Diffuse subretinal fibrosis syndrome. This patient's right eye shows the typical subretinal angulated scar formation.
Diagnostic imaging: fluorescein angiography
As mentioned earlier, this condition shares many clinical features with that of MCP. This is also reflected in the fluorescein angiogram. The distinct features of DSFS on angiography are an early phase hypofluorescence in the areas of subretinal fluid loculation. During the late phase of the angiogram, extensive leakage (seen in the images below) is present at these sites that, in some cases, may suggest subretinal neovascularization40 .

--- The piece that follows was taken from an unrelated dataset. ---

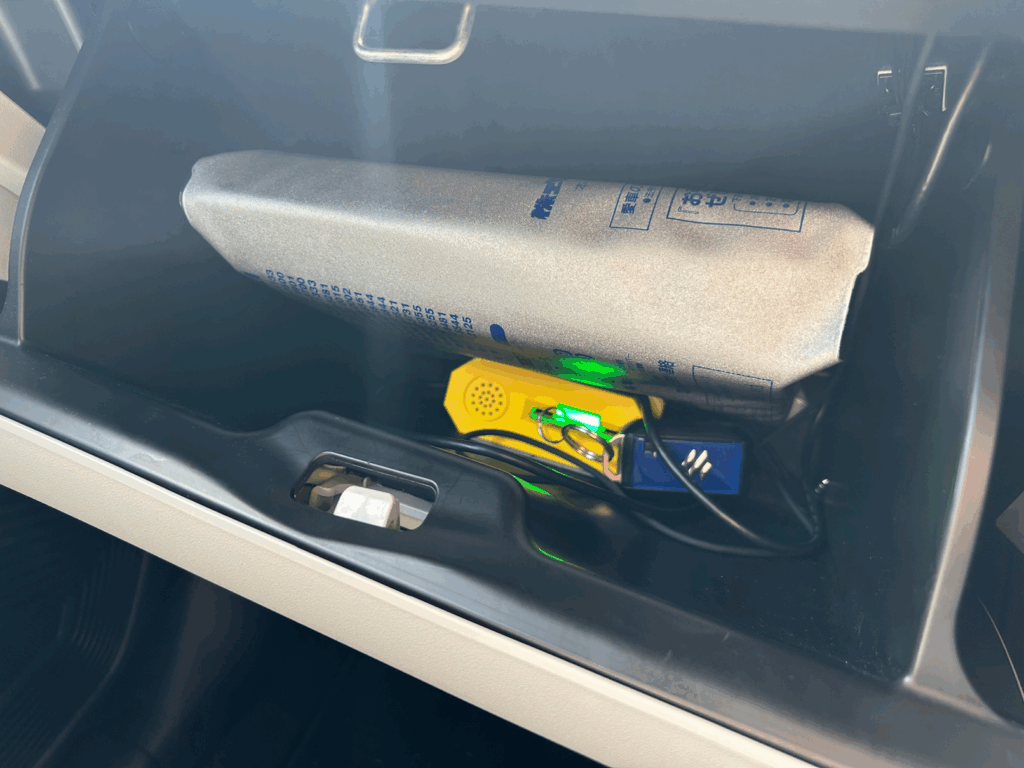 スイフトのグローブボックス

Diffuse subretinal fibrosis syndrome. Midphase of fluorescein angiogram demonstrating progressive leakage hyperfluorescence.
Diffuse subretinal fibrosis syndrome. Late phase of the fluorescein angiogram demonstrating progressive leakage as hyperfluorescence.

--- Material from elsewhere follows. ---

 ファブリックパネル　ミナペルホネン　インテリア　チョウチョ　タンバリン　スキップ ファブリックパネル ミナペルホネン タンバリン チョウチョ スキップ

Electrophysiologic and psychophysical studies
The findings on the ERG and the EOG are notoriously variable in this condition, with surprisingly intact studies in individuals with both acute and chronic involvement. Visual field testing reveals constriction peripherally with central scotomata that often correlate with the clinical lesions.
Etiology
As with MFC, no systemic associations with DSFS exist. Earlier suggestions that this condition may be due to as yet unknown hormonal irregularities in young women has not developed into any trend of significance42 . In view of the clinical and angiographic findings, this condition's clinical appearance is likely secondary to a primary RPE hyperplastic process43 .
Histologic evidence of immunoglobulin and complement deposition on the internal side of the Bruch membrane also suggests a focal inflammation of the RPE29 .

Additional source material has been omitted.